◆ Your objective
For the records shown below, return an exact copy that excludes the pictures.

[[ Material for this exercise open ]]

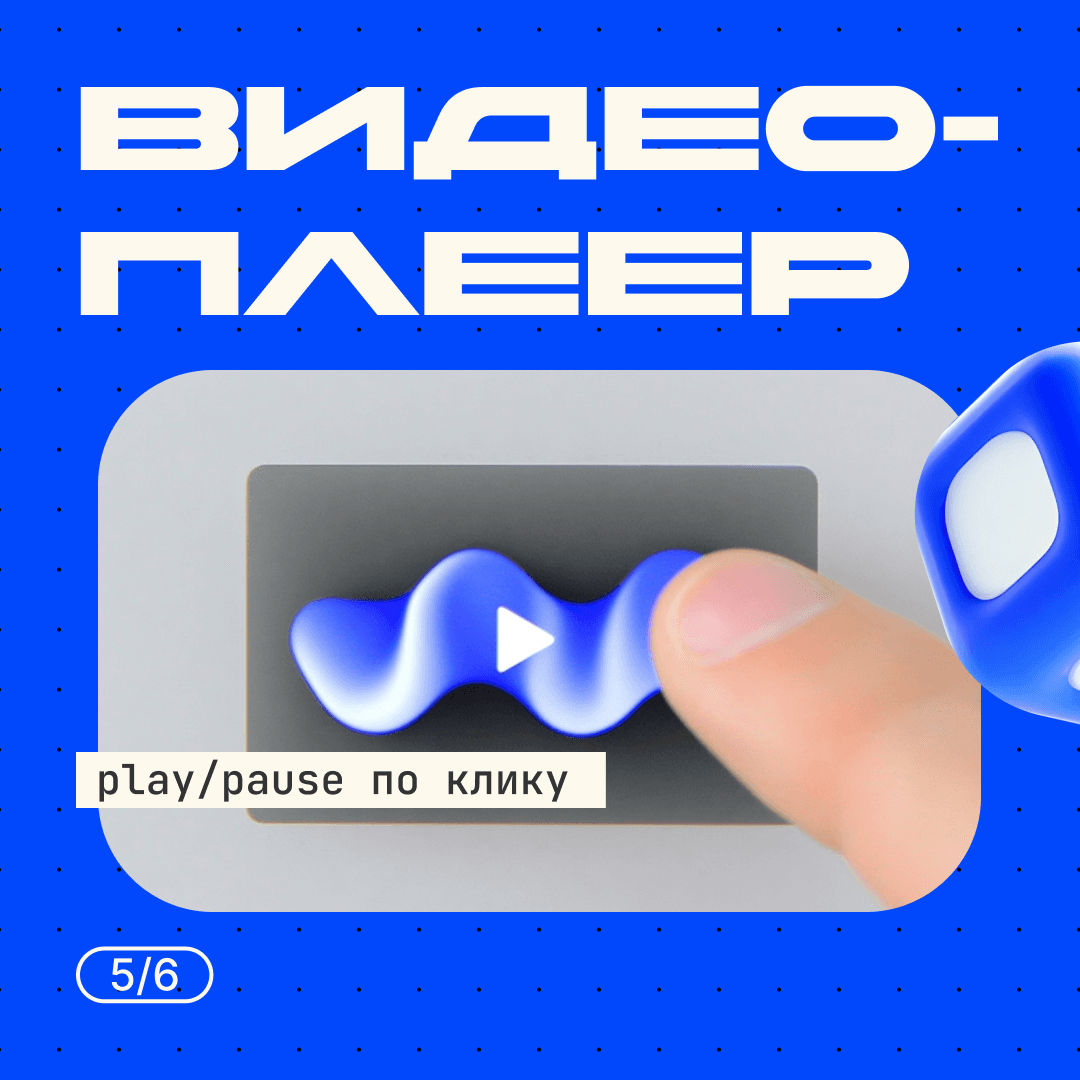 slide-6bc4091f-56b8-4258-89d2-7e15cb32cd95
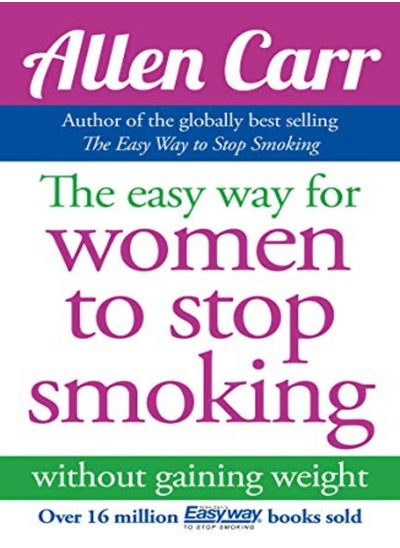 اشتري The Easy Way for Women to Stop Smoking في الامارات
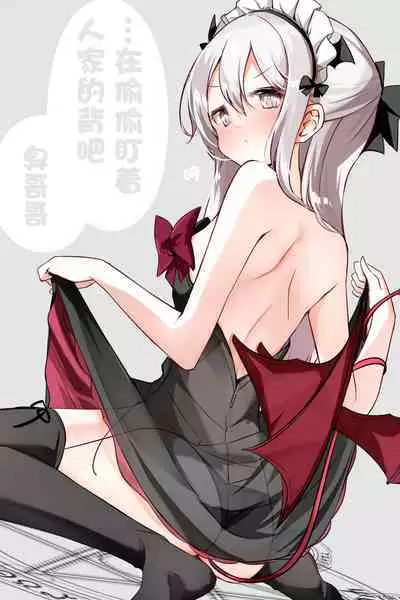 [Hamaken.] Imouto ga 1-nichi 1-kai shika Me o Awase tekurenai | 妹妹一天只和我对上一次眼 [Chinese] [无糖·漫画组]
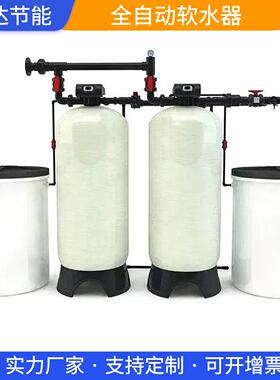 大型RO反渗透商用净水器地下井水工业水处理设备软化水去离子水机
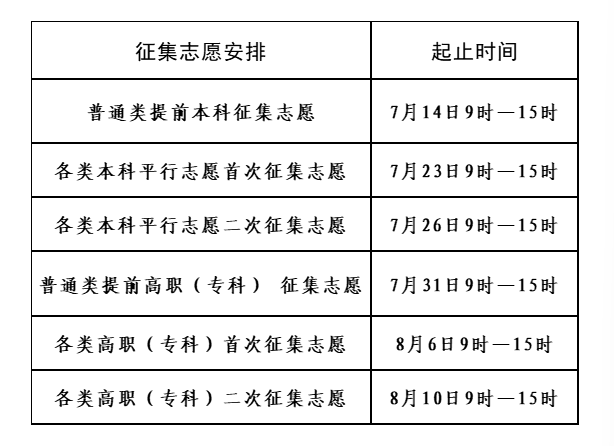 微信图片_2026-06-12_163822_957.png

[[ Material for this exercise closed ]]

◆ Solution for this problem
 slide-6bc4091f-56b8-4258-89d2-7e15cb32cd95
 اشتري The Easy Way for Women to Stop Smoking في الامارات
 [Hamaken.] Imouto ga 1-nichi 1-kai shika Me o Awase tekurenai | 妹妹一天只和我对上一次眼 [Chinese] [无糖·漫画组]
 大型RO反渗透商用净水器地下井水工业水处理设备软化水去离子水机
 微信图片_2026-06-12_163822_957.png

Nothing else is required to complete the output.